Decisions are a key issue in the organizational domain, and errors that could derive from bad choices are of terrible impact on the organization and its performance. In the financial and in the commercial sector, the exposure to overconfidence in decision-making is considered the main cause of target failure in companies (Frydman & Camerer, 2016; Russo & Schoemaker, 1989). Worst is the case of the health sector, where the medical error is estimated to be the third leading cause of death in the US connected to workplace decisions (Makary & Daniel, 2016), and most of these accidental deceases have been accounted for no-deliberative decisions made by the personnel (Zhang, Patel, Johnson, & Shortliffe, 2004). Research developed in organizations indicates that decisions taken in the workplace are often the result of entrenched preferences and subjective expectations, following the logic of situational appropriateness rather than rational procedure (March 1994). These illogical premises on which decisions often are based are named heuristics and cognitive biases. Heuristics, introduced by Herbert Simon (1957), are considered simple human algorithms present in peoples’ minds applied for economizing cognitive resources and simplify tasks, When such mind shortcut departs reasoning from logic and normative processes, it can sometimes show a bias, which is the tendency to induce an incorrect, irrational conclusion based on cognitive factors (Tversky & Kahneman, 1974).
Based on research in the development psychology domain, Miller and Byrnes (2001) have defined and assessed the construct of Decision-Making Competency (DMCy), which relies on self-regulation and metacognitive processes for examining choice options and mastering decisions. The rising interest toward decisional competencies and perceived job characteristics has lately met the recent psychology interventional paradigm, which is questioning if these are stable components or if some training programs can enhance them.

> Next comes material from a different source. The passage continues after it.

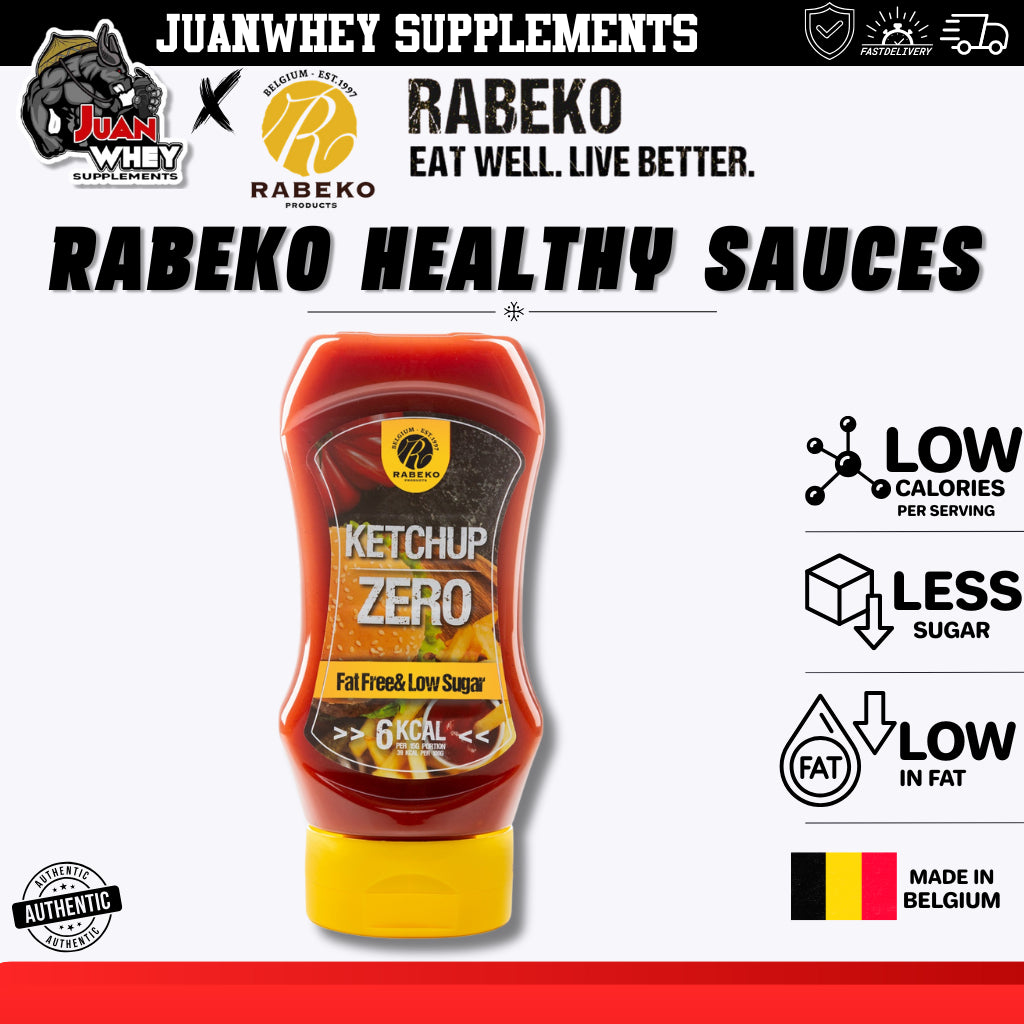 Rabeko Zero Sauce | Low-Calorie Zero-Sugar Zero-Fat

In literature, the ultimate intervention for improving decision-making competencies is named debiasing. Developed through experiments conducted in a laboratory, the debiasing aims at improving the awareness in decision-making processes, by addressing subjects to manage logical incongruences and incoherent perceptions (Gerling, 2009). Composed of several techniques, debiasing helps people to consider new information during the decision-making, which might support the generation of different solutions and avoid heuristics and biases. Recently, such a program has been revisited and applied in organizations as a single training session to improve employees’ decisional competencies and much more their performance at work (Soll, Milkman, & Payne). Along with it, starting from empirical studies in the field, I/O psychologists have recently developed a new interventional program to improve the work experience. Namely, job crafting training, aims to help employees to improve their control over perceived job characteristics and their psychological state, by shaping, molding, and redefining their work activities. Indeed, Job crafting is based on self-initiated change behaviors, and as a construct, it has been developed to study the alignment between employees’ expectations and their jobs (Petrou, Demerouti, Peeters, Schaufeli, & Hetland, 2012).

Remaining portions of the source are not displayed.